Scraped caption text data

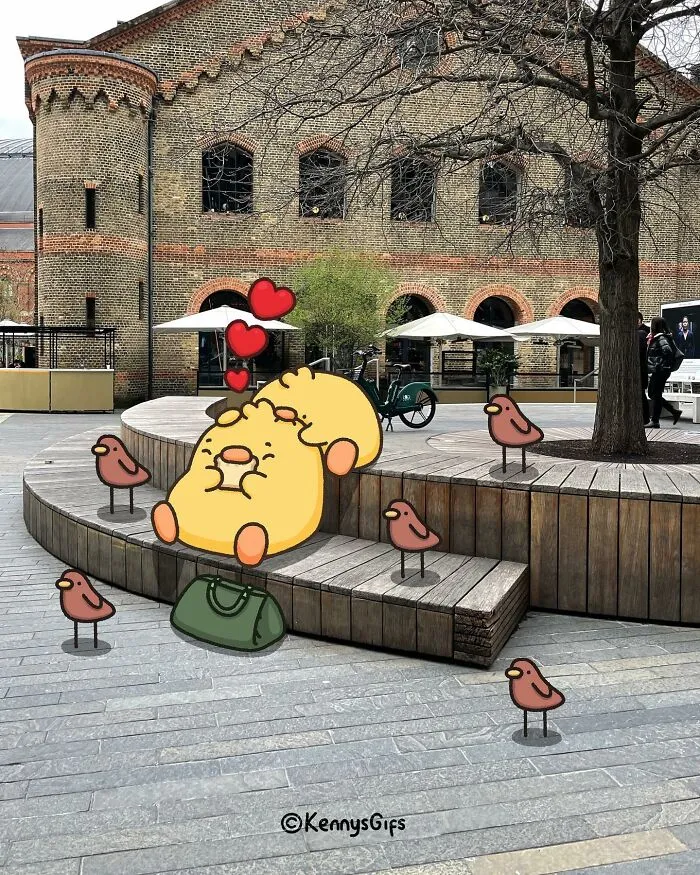 Birb, Bread, And Poku Take On The Real World In These 27 Cute Images By Kenny Mays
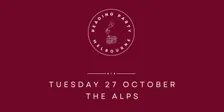 Reading Party Melbourne 27 October @ The Alps (courtyard)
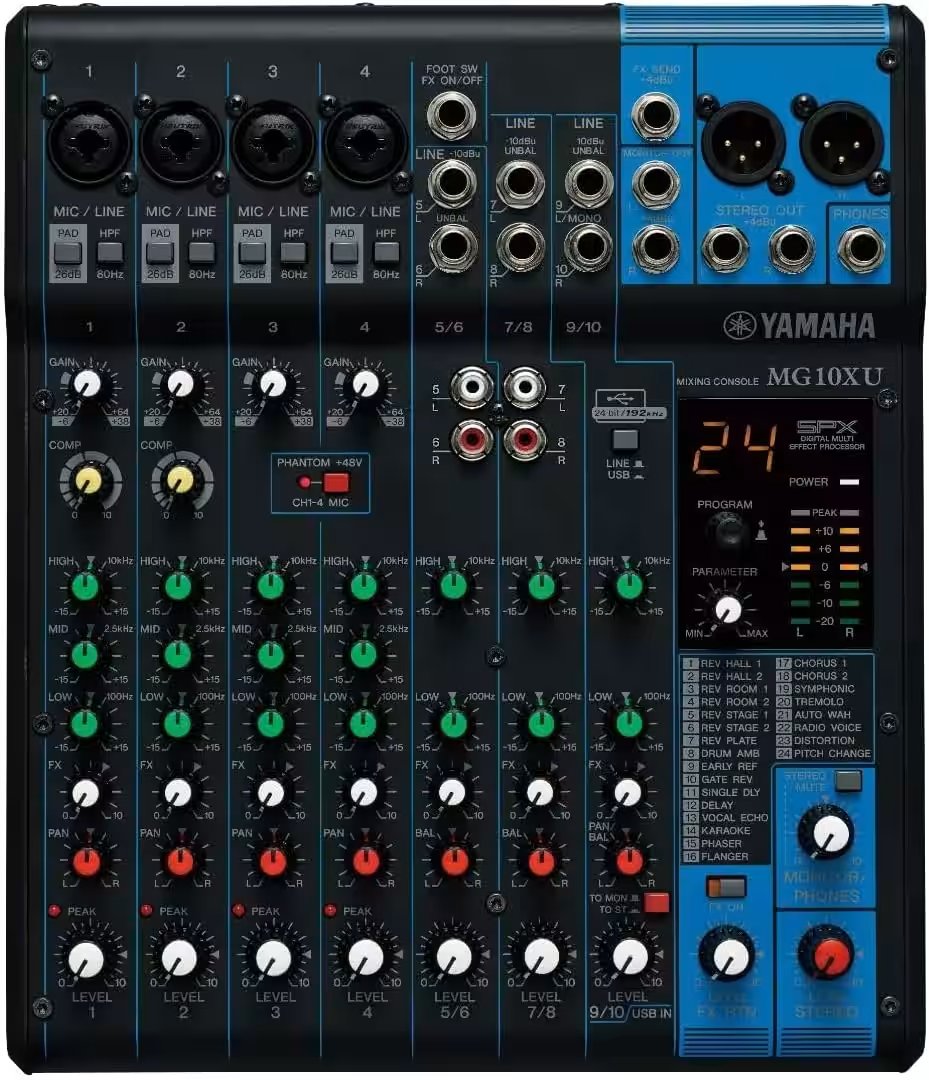 Yamaha MG10XU 10 Channel Mixing Console USB Review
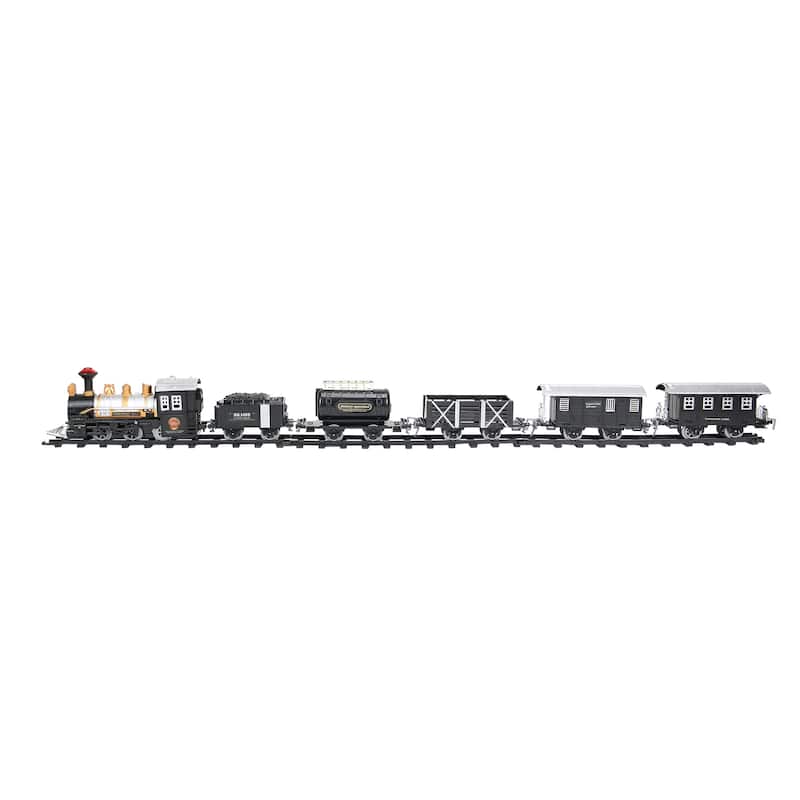 17-Piece Black Consummate Animated Classic Train Set - 8"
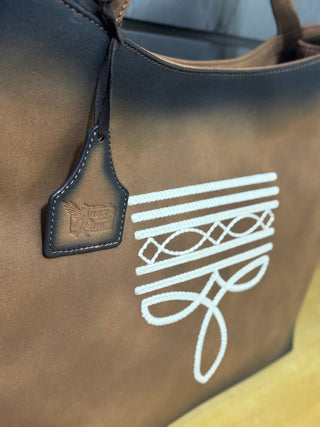 Angel Ranch Maeve Western Shoulder Bag with Embroidered Boot Stitch Design – Brown - Cowboy SwaggerAngel Ranch Maeve Western Shoulder Bag with Embroidered Boot Stitch Design – Brown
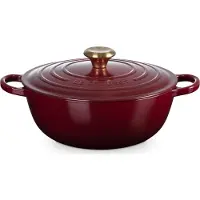 Le Creuset Marmite Braadpan Signature 'Garnet' Ø26cm / 4.1L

▸ **TASK BRIEF**: Make an exact copy of the data, leaving its pictures out.

▸ **SOLUTION FOR THIS EXERCISE**:
 Birb, Bread, And Poku Take On The Real World In These 27 Cute Images By Kenny Mays
 Reading Party Melbourne 27 October @ The Alps (courtyard)
 Yamaha MG10XU 10 Channel Mixing Console USB Review
 17-Piece Black Consummate Animated Classic Train Set - 8"
 Angel Ranch Maeve Western Shoulder Bag with Embroidered Boot Stitch Design – Brown - Cowboy SwaggerAngel Ranch Maeve Western Shoulder Bag with Embroidered Boot Stitch Design – Brown
 Le Creuset Marmite Braadpan Signature 'Garnet' Ø26cm / 4.1L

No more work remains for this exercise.